嶋 魂のヘッド!東北の底力見せた!勝った!

[ 2011年4月30日 06:00 ]

<楽・オ>4回1死、楽天の嶋がショートへの打球を放ち一塁にヘッドスライディング

パ・リーグ 楽天3-1オリックス

(4月29日 Kスタ宮城)
 勝利の後、楽天選手会長の嶋は満員のスタンドに向かって熱く、心のこもった言葉を伝えた。震災からこれまでを振り返り、最後にこう訴えた。

 「絶対に見せましょう、東北の底力を」

 前夜、日付が変わるまで考え抜いたスピーチ。2日の札幌ドームで行われた慈善試合では「見せましょう、野球の底力を」と訴えたが、本拠地開幕では「東北の底力を」に変わった。今なお苦しむ人々を励ましたかった。

 試合では全力プレーで勇気づけた。2回に岩村、ルイーズに続く3連打となる中前打で先制につなげた。4回の遊撃内野安打では一塁にヘッドスライディング。マスクをかぶっても田中を好リードし「気持ちだけは前面に出していこうと。負けたら楽しみにしていた人たちを裏切ることになる。勝ったことが僕の中では一番ホッとしました」と胸をなで下ろした。

 8日に東松島市を慰問した際、震災で中止になった幻の開幕カードのチケットを手にした母娘に出会った。その娘は嶋の大ファン。津波に襲われた時、チケットを持って逃げたという。嶋はその宝物にサインした。その模様がテレビで放送され、感動したロッテファンの厚意で母娘は12日のロッテとの開幕戦(QVCマリン)に招待された。嶋は球場に招き入れ再会し、その試合で決勝3ラン。後日、再び放送された母娘の喜ぶ姿を見た。「しみじみと見てました。本当に良かった」。プロ野球選手は勇気を与えられる。そのことをあらためて実感した。
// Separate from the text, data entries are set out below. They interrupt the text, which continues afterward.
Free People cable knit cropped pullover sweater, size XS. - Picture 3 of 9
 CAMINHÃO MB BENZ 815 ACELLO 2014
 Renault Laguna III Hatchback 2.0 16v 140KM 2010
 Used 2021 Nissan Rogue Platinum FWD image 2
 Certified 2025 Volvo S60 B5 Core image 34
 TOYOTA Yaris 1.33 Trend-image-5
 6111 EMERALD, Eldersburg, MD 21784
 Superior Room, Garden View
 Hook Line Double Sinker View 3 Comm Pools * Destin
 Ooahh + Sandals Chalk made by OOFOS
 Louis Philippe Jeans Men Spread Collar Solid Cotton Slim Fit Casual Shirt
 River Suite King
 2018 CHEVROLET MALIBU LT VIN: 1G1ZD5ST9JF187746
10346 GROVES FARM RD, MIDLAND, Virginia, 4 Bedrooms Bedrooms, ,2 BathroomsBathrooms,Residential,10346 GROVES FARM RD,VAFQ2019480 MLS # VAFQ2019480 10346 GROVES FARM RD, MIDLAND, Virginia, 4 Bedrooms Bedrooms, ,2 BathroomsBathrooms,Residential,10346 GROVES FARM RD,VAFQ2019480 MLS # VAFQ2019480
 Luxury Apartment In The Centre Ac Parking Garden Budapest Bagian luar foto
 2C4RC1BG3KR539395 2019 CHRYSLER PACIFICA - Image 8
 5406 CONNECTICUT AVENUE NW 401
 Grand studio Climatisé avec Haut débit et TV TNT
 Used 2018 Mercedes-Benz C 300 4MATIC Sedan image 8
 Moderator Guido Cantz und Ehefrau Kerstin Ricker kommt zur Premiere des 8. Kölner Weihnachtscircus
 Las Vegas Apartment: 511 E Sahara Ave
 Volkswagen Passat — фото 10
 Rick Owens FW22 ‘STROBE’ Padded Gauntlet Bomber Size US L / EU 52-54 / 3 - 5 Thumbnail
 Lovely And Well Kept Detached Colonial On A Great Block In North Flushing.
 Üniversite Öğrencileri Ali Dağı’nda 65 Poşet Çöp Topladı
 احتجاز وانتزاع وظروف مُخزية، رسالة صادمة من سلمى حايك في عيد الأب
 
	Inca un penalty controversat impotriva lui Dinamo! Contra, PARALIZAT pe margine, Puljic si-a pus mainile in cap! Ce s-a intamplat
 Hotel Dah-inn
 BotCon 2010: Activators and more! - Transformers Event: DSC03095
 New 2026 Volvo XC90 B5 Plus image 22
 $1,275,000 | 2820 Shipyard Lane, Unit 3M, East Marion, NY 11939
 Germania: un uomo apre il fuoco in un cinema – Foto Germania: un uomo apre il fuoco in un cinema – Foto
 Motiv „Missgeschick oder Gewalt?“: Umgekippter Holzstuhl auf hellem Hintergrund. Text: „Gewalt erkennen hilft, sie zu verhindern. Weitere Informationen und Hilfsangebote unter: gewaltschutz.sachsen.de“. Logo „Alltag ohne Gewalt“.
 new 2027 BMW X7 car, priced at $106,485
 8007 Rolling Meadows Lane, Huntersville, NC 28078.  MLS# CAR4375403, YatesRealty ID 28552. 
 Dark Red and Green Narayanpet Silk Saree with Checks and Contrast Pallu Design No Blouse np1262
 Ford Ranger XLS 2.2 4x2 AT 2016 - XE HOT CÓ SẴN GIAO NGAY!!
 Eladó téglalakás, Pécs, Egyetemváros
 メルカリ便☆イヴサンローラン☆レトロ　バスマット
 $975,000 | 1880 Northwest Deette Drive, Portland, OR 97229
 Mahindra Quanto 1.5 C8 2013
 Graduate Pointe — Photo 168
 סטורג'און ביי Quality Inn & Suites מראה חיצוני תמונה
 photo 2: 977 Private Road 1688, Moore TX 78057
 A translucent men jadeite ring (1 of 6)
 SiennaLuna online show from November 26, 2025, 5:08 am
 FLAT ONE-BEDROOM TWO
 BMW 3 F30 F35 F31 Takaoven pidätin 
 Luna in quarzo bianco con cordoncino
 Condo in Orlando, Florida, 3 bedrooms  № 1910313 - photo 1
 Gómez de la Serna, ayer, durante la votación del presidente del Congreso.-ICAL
 「(Kスタ宮城は)凄く温かく、やっと帰ってきたなと。これからも勝利を積み重ねることが大事だと思う」。本拠地でもらった声援を力に代え、嶋は戦い続ける。

 ◆嶋スピーチ全文

 本日は、このような状況の中、ここKスタ宮城に足を運んでくださり、またテレビ、ラジオを通じてご覧いただき、誠にありがとうございます。球場に来ることが簡単ではなかった方、またここに来たくても来られなかった方も大勢いらっしゃるかと思います。
 地震が起きた時、僕たちは兵庫県にいました。遠方の地で家族ともなかなか連絡が取れず、不安な気持ちを抱えながら全国各地を転戦していました。報道を通じて被害状況が明らかになっていくにつれて、僕たちの気持ちもどんどん暗くなっていきました。その時のことを考えると、きょう、ここKスタ宮城で試合を開催できたことが信じられません。
 震災後、選手みんなで「自分たちに何ができるか」、「自分たちは何をすべきか」を議論して、考え抜き、この東北の地に戻れる日を待ち続けました。
 そして開幕5日前、初めて選手みんなで仙台に戻ってきました。変わり果てたこの東北の地を目と心にしっかりと刻み、「遅くなって申し訳ない」と言う気持ちで避難所を訪問したところ、皆さんから「おかえりなさい」、「私たちも負けないから頑張って」と声を掛けていただき、涙を流しました。その時に何のために僕たちは闘うのか、ハッキリしました。
 この1カ月半で分かったことがあります。それは誰かのために戦える人間は強いということです。
 東北の皆さん、絶対に乗り越えましょうこの時を。絶対に勝ち抜きましょうこの時を。今この時を乗り越えた先には、もっと強い自分と未来が待っているはずです。絶対に見せましょう、東北の底力を。本日はありがとうございました。